Now, there are robots being developed that use artificial intelligence to read social cues and detect emotions, but they can't replace human workers and the complexities of the human condition. Sure, they might be able to register emotions, but that doesn't mean they can build relationships and show empathy like you.
Even if you don't have an off-the-charts EQ, it's still a lot higher than a machine's. As you interact with your co-workers, direct-reports, and management, keep your EQ in mind. Note key examples where it's helped you be better at your job and don't be afraid to mention these in your next job interview or weave empathy into your personal brand.
2. Creative problem solving
Because robots can't tap into and understand human psychology like other humans can, they won't be able to creatively problem-solve like product designers, advertisers, and marketers have to.
Think about it: Say you've created a Facebook ad, but people aren't engaging with it. Will a computer be able to effectively theorize why and pose a solution? They might be able to plug in some formula and adjust the ad, but that doesn't always work. Oftentimes you have to understand your audience — get inside their head.
Creative problem solving can mean a number of things: resolving employee conflict, meeting a client's goals, or even adjusting internal workflow processes.
Take a moment to think of a few times you've had to get creative to solve a problem. Walk through your decision-making process and explore how you came to a solution. Could a machine do that? Probably not. Keep these instances in mind while updating your resume.
3. Management (both technological and human)
Many companies already use software and artificial intelligence programs to manage their employers, products, or services. Implementing these tools allows employees to bypass menial tasks and instead focus on more important work.
So, technically, automation has already started taking over many workplaces — but you still need humans to monitor it. Here's an example: Your company's accountant or bookkeeper probably uses a program to track income and expenses. But what happens when that program crashes? When there's a payment error? Do you bring in another software or automated process? No, you need a human to detect that mistake and use those problem-solving skills to correct it. And when it comes to managing employees, computers and automation simply can't replace humans.
As you continue to advance in your career, keep these managerial needs in mind. Highlight your experience managing both technology and other humans to help show employers your value.

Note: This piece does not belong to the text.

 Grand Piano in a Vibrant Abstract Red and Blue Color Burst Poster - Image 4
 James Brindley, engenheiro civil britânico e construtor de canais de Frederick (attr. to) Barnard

Sure, you've seen robots communicate with each other and even humans. But they still can't totally replace humans — both internally within a company and externally to customers.
Think about those days you work from home or communicate with co-workers exclusively through your company's messaging system. It works just fine, but it's not as effective as face-to-face (or video-to-video) interactions. And that's just internally — what about communicating with your audience outside the company?

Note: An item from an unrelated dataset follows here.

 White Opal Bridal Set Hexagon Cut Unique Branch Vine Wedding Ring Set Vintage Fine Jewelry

When talking about communication skills, it's also important to consider nonverbal communication skills; these are often just as important as your verbal skills.
Simply put: Robots cannot communicate with humans like humans can. Again, as you continue to progress in your career, think about the way you communicate both internally and externally. Make an effort to finesse those soft skills in a variety of situations — and to highlight them on your resume.
Conclusion: Will robots take my job?
To be honest, it's difficult to predict exactly how technology will shape the workforce. Automation has certainly taken over some jobs, but there are certain human skills it simply won't be able to match.
So, what do you have to do? First, don't worry too much. Keep focusing on your job and growing your skills. Second, keep the skills robots can't replace top of mind as you update your resume. Even if you're not looking for a new job right now, keep developing your professional skills so you can show them off when it comes time to job search.